-------- Input data --------

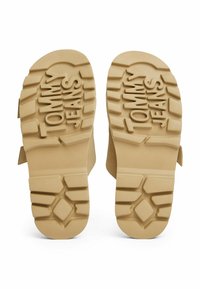Suelas de goma de color marrón con surcos profundos, con "TOMMY JEANS" grabado en el centro. Textura ligera con forma plana y bordes redondeados.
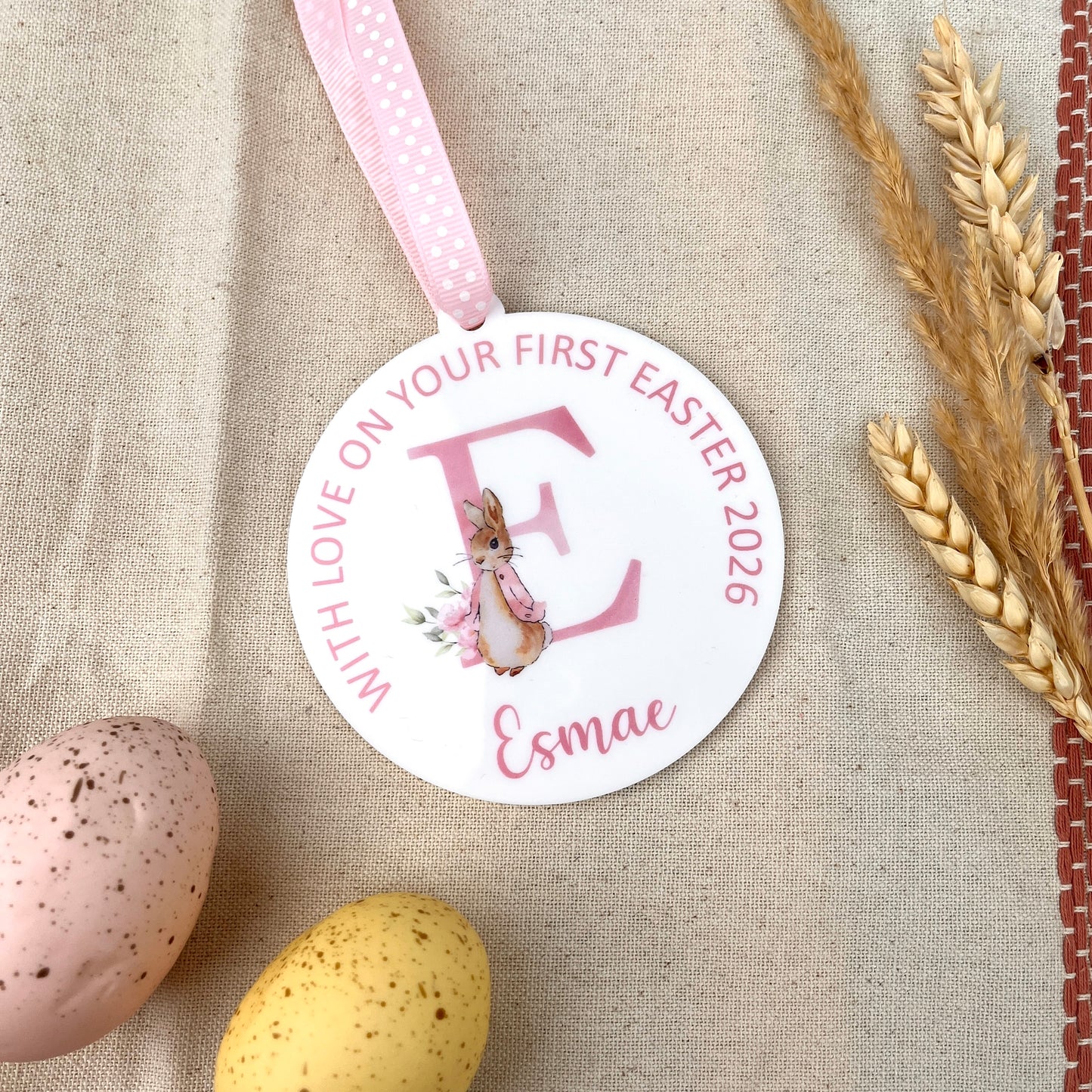 A round baby's Easter Keepsake Decoration with Personalised name and wording, illustrated with a watercolour of Flopsy Bunny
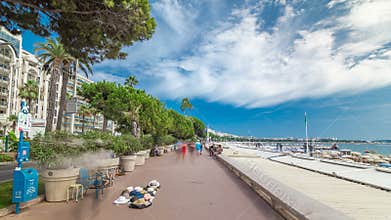 People walking at waterfront near famous La Croisette Boulevard timelapse hyperlapse. French Riviera.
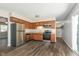 The updated kitchen features stainless steel appliances and warm wood cabinets at 1528 N Dukane Way, Indianapolis, IN 46214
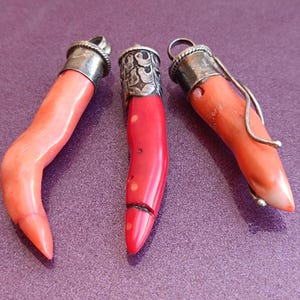 May include: Three coral pendants with silver caps. The coral is a reddish-orange color and the pendants are shaped like horns.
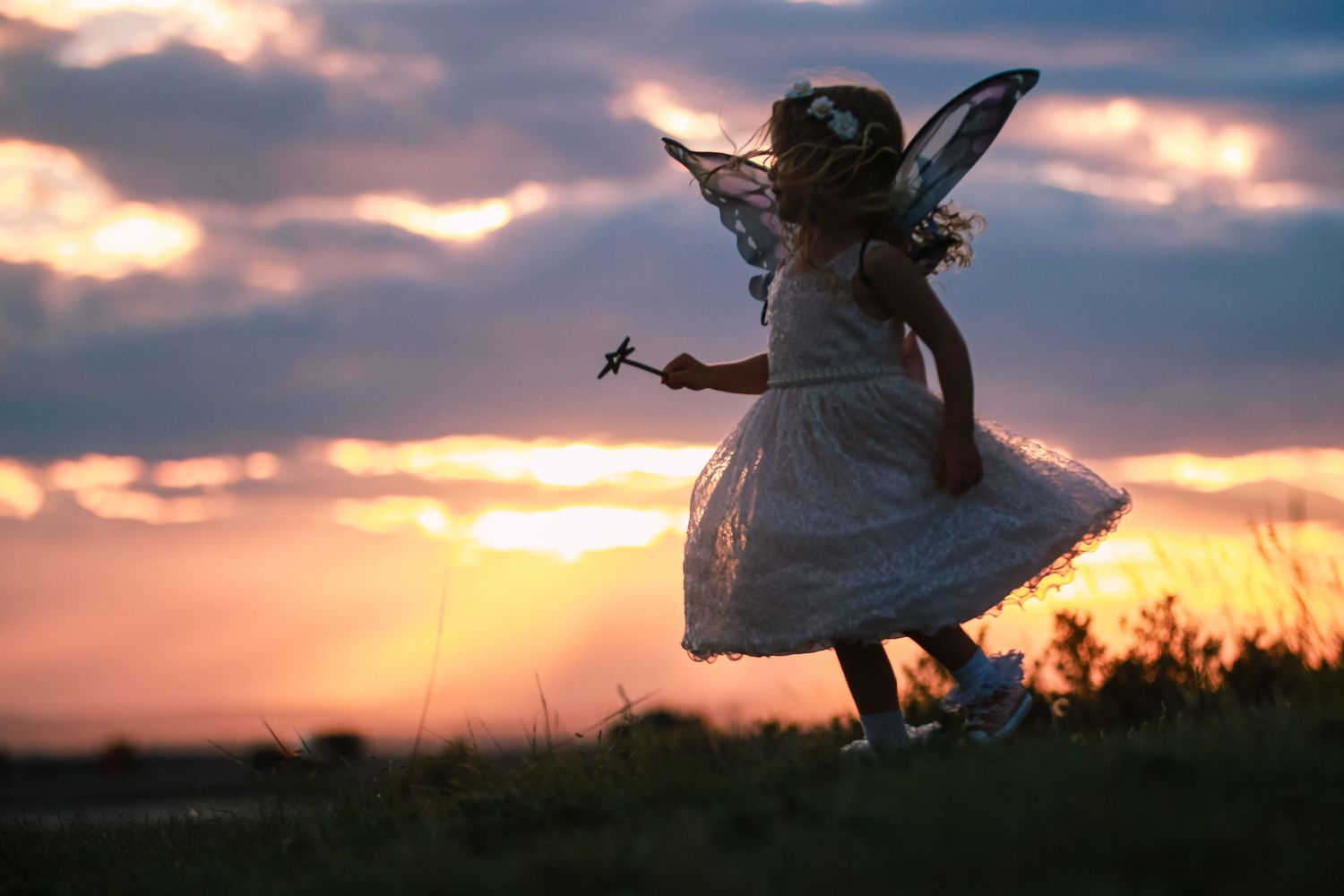 Young girl in white fairy costume with butterfly wings dancing in a field at golden sunset.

--------

Exercise description: Please print the records above word for word, leaving every image out.

Output for this task:
Suelas de goma de color marrón con surcos profundos, con "TOMMY JEANS" grabado en el centro. Textura ligera con forma plana y bordes redondeados.
 A round baby's Easter Keepsake Decoration with Personalised name and wording, illustrated with a watercolour of Flopsy Bunny
 People walking at waterfront near famous La Croisette Boulevard timelapse hyperlapse. French Riviera.
 The updated kitchen features stainless steel appliances and warm wood cabinets at 1528 N Dukane Way, Indianapolis, IN 46214
 May include: Three coral pendants with silver caps. The coral is a reddish-orange color and the pendants are shaped like horns.
 Young girl in white fairy costume with butterfly wings dancing in a field at golden sunset.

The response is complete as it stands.